- Argo Point Location within Antarctica

Highest point
- Elevation: 360 m (1,180 ft)
- Coordinates: 66°15′S 60°55′W﻿ / ﻿66.25°S 60.92°W

Geography
- Location: Jason Peninsula, Antarctica
- Parent range: Seal Nunataks

Geology
- Mountain type: Volcanic vent

= Argo Point (scoria cone) =

Argo Point is a scoria cone in Jason Peninsula, Antarctica, at a height of 360 m above sea level. Associated with the Seal Nunataks, the cone has a diameter of 300 m and its snow-filled crater has a gap on its northern side. The cone is constructed on a formation of lava and scoria over 175 m thick, which may lie on Jurassic rocks.
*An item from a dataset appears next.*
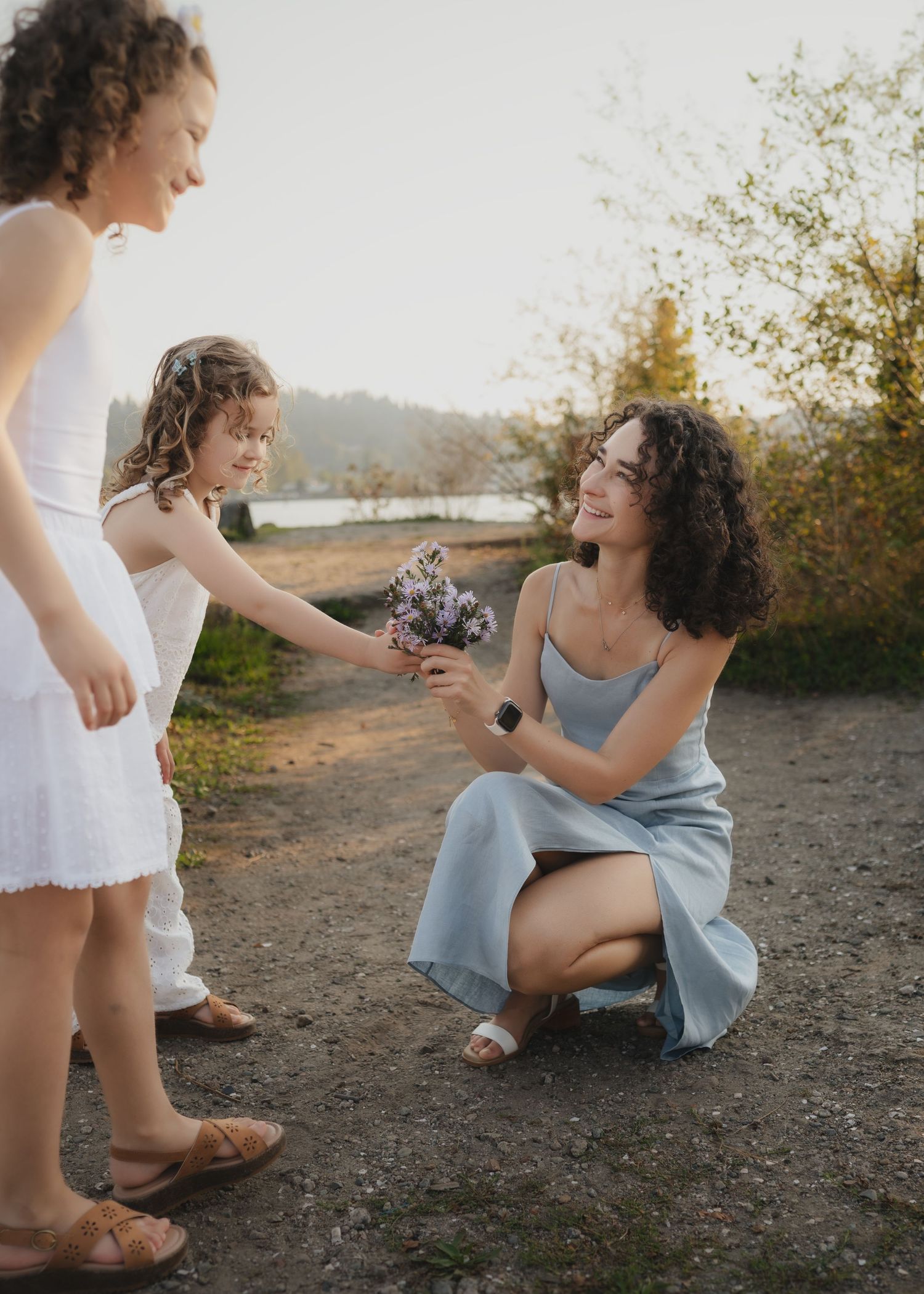 A woman crouches to receive a small bouquet of flowers from a young girl outdoors near a lake at sunset.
Glaciers or wind have eroded debris from the cone, forming a "tail" several kilometres long on the ice.

Potassium-argon dating has indicated ages of 1.4-0.9 mya, and the volcano formed in the absence of ice. The cone is constructed from basalt and hawaiite including lava bombs in its sides. Argo Point is related to Seal Nunataks and James Ross Island, and like these its rocks are ocean island basalts. This volcanism may be the consequence of back-arc effects of subduction along the South Shetland trench.